Updated Mar.6,2005 20:18 KST

Calling Japanese Rule a 'Blessing' Insults History

Academic Raises Hackles by Praising Japanese Occupation
Korea University Professor Emeritus Han Seung-jo has made waves with an article in a right-wing Japanese magazine asserting that Japan's colonization of Korea was a blessing in disguise. This is neither historically accurate nor responsible on the part of a senior intellectual.

Han says the only other alternative would have been for Korea to be annexed by Russia, which would have been worse. Korea would have become Bolshevist and suffered similar massacres to those that killed some 10 million people in the Soviet Union proper under Stalin, and Koreans would have been forcibly resettled in Central Asia. Being occupied by Japan spared Korea this fate and allowed it to preserve its identity and develop economically, Han reasons.

The assertion that Korea would have been annexed one way or the other is a sophism that Japanese right wingers have been peddling for a long time. From a senior scholar of political science with a career spanning nearly 40 years it is incomprehensible. Japan's 35-year colonization of Korea not only exploited the blood and sweat of the Korean people and stood in the way of any autogenous modernization, but it also sowed the seeds of national division.

Han ignores this, saying Japanese colonial rule was "fortune amid misfortune." This is an insult to our patriotic forefathers who sacrificed their lives for the nation's independence, and to the tens and millions of ordinary people who silently put up with the occupation while clinging to the dream of independence.

As co-chairman of the civic group Free Citizens Alliance of Korea, Han was among the proponents of a "Declaration for the Protection of Liberty and Democracy" last year.
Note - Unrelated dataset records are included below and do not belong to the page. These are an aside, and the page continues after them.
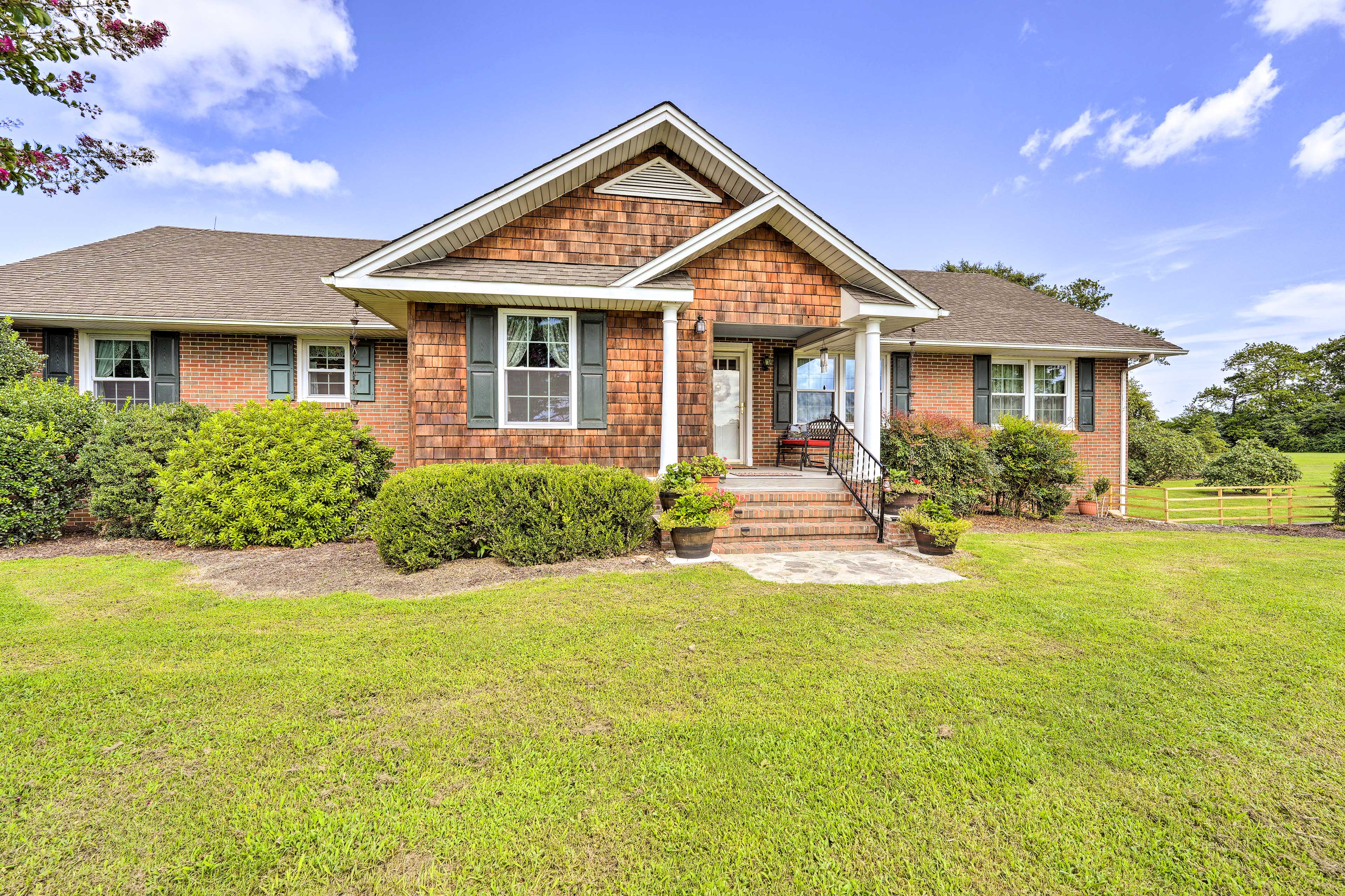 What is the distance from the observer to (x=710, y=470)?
285 inches

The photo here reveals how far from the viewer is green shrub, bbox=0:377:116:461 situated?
23.7 feet

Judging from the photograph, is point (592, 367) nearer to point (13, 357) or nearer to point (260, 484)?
point (260, 484)

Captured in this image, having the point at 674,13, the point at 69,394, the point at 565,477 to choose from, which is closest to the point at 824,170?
the point at 674,13

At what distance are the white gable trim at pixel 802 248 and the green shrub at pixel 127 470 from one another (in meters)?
6.75

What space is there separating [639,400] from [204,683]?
20.1 feet

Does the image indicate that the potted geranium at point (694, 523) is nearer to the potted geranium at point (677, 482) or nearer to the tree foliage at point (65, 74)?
the potted geranium at point (677, 482)

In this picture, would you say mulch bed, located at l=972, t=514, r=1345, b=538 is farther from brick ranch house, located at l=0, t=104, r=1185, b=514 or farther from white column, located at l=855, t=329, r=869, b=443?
brick ranch house, located at l=0, t=104, r=1185, b=514

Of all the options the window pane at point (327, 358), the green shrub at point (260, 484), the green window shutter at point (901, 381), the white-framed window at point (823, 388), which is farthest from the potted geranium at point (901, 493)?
the window pane at point (327, 358)

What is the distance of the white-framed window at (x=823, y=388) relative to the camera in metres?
11.4

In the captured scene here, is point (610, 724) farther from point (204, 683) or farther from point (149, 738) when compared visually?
point (204, 683)

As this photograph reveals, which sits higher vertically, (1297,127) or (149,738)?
(1297,127)

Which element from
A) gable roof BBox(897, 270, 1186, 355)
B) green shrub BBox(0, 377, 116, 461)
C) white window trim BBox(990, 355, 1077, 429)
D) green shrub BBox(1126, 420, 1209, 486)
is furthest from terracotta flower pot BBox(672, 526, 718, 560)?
green shrub BBox(1126, 420, 1209, 486)

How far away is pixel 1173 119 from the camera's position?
50.8 feet

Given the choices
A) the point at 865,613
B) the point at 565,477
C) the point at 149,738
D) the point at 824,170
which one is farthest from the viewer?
the point at 824,170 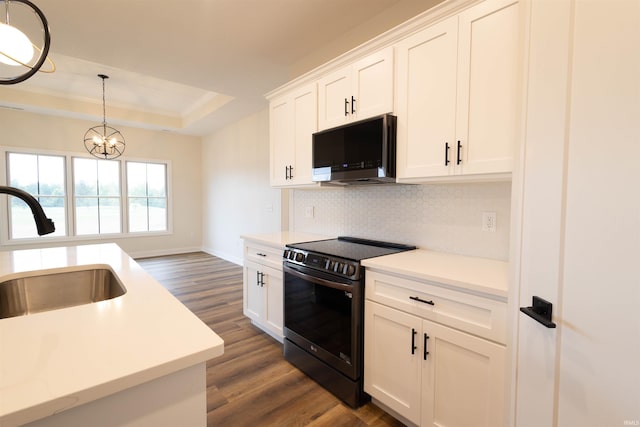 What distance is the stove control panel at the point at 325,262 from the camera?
178 centimetres

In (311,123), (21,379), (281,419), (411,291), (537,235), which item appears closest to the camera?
(21,379)

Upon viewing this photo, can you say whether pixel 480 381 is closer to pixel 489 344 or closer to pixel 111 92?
pixel 489 344

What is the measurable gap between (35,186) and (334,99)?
589 cm

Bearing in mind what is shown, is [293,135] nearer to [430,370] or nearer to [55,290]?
[55,290]

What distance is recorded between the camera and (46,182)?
17.1ft

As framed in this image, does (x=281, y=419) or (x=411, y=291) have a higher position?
(x=411, y=291)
He also led a campaign opposing the "four evil laws" - including a bill launching an inquiry into Korean collaboration with the Japanese occupation.

Han said he wrote the article "to criticize the people's court-style history discourse, attempting based on leftist ideology to denounce pro-Japanese acts as unequivocally unpatriotic." But righting the mistaken historical perception of the left wing is one thing, and calling Japan's colonial rule of Korea a blessing is quite another. If Han was serious about the intent behind his article, he should have instead endeavored to expose the logic of the opponent and broaden public sympathy based on a deeper historical understanding.